She wished he’d ask how she felt about the nudes and the sex chats so she could tell him that each time she cupped her breasts and took a picture for him or slipped a finger into herself because he asked her to, she felt a weight in her chest, a strong mix of guilt and pleasure, like sugar and salt stirred together. And that after she went offline, she read Psalms 51 and asked God to forgive her sins, blot out her transgressions. A half-hearted prayer, because each time he came into her inbox she was quick to leap back into sin, quick to do everything Promise wanted her to.

She knew he was twenty-five, a graduate of UniAbuja who lived in Abuja, a Christian who spoke Yoruba and English. And yet she did not know him at all. She did not know what his favourite food was, what church he attended, what colour he liked, where he worked when he was not writing. She was sure he had no girlfriend – his profile declared him as single. But sometimes she wondered: if he had no girlfriend, was she the only one in his life? If she was, then surely he’d want to know her, wouldn’t he? He would want to meet her too, right? He would propose a relationship, ask her to be his girlfriend and she would stop to weigh the age difference between them before saying yes.

But none of this happened.

Their usual routine continued, her inbox full of Promise’s penis in all stages of erection. She knew she should draw clear boundaries, ask him if he liked her and the possibility of a relationship, but she did not want to seem desperate, so she said nothing and steeped herself in the spontaneity his presence evoked, the anonymity of her identity. Besides, she told herself, he lived far away in Abuja and she in Lagos. She might never meet him anyway.
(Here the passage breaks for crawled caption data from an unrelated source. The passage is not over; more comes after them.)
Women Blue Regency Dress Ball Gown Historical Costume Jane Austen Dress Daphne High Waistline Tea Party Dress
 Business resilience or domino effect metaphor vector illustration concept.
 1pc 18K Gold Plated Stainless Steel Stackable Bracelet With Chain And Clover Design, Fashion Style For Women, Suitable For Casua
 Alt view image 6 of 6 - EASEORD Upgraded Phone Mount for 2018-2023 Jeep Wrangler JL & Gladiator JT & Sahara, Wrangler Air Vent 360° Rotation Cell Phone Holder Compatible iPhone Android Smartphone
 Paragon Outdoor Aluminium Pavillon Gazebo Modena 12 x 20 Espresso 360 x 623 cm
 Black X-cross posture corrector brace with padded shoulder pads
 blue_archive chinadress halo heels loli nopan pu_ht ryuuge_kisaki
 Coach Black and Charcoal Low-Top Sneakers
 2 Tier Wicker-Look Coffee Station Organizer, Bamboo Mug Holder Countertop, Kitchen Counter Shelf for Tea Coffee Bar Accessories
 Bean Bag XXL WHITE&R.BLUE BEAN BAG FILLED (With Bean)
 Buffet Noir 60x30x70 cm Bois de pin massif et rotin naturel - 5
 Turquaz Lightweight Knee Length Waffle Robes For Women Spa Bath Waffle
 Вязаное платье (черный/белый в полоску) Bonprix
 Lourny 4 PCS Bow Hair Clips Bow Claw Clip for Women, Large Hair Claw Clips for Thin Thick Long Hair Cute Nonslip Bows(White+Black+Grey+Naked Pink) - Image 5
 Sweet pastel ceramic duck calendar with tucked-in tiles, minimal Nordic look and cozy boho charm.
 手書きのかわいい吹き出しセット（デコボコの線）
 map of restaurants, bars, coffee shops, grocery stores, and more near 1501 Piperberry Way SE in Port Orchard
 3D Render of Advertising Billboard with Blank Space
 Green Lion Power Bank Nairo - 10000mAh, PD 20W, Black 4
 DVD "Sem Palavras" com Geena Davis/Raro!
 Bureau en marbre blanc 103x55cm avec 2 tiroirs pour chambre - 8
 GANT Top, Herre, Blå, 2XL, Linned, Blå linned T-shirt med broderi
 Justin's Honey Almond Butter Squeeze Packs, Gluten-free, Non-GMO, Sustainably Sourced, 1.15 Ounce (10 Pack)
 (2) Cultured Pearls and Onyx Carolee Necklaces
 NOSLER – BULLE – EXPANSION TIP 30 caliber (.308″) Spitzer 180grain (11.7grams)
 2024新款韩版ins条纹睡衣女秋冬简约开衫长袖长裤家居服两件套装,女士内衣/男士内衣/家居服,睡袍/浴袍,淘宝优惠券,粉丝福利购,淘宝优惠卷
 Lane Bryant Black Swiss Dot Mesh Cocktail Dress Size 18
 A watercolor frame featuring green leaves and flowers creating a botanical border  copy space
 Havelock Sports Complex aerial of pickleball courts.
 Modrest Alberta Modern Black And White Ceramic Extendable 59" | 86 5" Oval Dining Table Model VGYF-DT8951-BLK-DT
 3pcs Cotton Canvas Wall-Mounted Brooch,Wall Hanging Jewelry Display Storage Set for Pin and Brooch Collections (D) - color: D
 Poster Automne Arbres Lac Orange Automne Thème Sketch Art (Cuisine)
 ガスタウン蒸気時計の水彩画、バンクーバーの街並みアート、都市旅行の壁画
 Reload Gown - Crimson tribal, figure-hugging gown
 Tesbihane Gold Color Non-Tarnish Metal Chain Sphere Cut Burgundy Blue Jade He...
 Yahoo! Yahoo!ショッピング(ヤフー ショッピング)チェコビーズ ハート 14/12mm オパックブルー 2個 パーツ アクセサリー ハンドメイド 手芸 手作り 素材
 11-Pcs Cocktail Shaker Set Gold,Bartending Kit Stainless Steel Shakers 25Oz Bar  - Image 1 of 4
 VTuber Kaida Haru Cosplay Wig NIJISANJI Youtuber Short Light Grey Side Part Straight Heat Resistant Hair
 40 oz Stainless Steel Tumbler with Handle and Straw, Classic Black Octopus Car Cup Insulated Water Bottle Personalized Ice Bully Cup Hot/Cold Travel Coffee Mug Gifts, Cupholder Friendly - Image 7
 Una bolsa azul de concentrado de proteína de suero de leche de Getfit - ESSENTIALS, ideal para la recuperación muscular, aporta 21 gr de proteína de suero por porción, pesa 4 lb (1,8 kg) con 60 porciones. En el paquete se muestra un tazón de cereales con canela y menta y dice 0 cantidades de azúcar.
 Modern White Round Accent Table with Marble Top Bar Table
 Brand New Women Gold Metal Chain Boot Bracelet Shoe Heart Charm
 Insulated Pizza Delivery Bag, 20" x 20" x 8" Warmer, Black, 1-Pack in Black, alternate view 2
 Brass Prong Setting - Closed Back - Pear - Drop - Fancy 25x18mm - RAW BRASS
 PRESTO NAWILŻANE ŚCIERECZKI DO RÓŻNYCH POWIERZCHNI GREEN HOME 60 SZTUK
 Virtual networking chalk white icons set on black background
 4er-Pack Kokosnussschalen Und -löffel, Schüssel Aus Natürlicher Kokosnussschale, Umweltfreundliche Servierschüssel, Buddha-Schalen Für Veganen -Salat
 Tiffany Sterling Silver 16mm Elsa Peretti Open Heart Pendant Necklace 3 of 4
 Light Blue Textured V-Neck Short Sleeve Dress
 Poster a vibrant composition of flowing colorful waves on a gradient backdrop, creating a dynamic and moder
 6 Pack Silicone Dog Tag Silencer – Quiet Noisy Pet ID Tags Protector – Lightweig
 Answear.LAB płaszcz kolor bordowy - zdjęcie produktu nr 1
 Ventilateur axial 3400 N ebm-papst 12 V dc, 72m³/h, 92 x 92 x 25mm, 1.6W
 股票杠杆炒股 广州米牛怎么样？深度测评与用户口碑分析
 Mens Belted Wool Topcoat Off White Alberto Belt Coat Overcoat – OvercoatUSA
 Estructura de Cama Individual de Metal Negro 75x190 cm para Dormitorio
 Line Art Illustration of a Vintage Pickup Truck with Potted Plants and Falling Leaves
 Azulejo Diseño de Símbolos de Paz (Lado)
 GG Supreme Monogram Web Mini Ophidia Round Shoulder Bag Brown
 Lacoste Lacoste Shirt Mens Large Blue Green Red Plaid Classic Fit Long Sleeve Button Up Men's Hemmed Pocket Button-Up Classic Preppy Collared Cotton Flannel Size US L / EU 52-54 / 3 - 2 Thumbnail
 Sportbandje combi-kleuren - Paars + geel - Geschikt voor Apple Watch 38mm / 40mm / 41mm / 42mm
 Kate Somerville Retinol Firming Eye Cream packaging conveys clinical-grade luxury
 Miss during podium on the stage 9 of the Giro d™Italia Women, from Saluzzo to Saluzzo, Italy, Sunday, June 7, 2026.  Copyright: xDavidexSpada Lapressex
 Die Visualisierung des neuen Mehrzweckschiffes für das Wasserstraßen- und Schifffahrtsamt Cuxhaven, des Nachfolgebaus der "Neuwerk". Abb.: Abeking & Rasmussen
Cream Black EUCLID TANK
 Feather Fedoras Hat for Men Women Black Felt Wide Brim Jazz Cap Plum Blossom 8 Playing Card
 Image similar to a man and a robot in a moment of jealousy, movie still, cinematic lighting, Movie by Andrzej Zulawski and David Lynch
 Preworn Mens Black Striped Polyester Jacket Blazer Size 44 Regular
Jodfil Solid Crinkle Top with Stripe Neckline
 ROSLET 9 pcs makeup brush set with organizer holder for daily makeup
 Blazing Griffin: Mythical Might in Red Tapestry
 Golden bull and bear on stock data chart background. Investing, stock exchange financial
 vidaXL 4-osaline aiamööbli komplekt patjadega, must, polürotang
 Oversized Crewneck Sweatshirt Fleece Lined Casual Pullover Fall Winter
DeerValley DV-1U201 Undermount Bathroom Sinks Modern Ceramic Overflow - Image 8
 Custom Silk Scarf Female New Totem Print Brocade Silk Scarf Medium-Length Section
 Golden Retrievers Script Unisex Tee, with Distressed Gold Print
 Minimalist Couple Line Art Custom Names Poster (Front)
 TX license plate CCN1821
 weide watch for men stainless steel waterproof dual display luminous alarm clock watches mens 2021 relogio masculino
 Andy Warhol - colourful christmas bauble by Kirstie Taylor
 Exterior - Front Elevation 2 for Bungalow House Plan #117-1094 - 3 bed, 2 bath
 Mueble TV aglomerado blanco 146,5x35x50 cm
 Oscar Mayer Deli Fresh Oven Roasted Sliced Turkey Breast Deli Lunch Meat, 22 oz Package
But then Tunji Ilesanmi was planning a birthday party and Promise was in her inbox, asking her to come, that he’d love to see her; the party was in Lagos, she’d be able to make it, right? He’d send her transport fare if money was the issue. Tunji is my best friend from university, did I tell you?

No, he did not. And until he mentioned it, she didn’t make a connection. She knew he commented frequently on Tunji’s posts, comments that toed the line between friendly banter and harmless jest, but that was it. Even when Tunji made the post, she’d simply liked it and scrolled past. Until Promise came to her inbox and she had to scroll back for details: a small gathering, would hold at Tunji’s flat in Dolphin Estate, Obalende, would start by 12pm.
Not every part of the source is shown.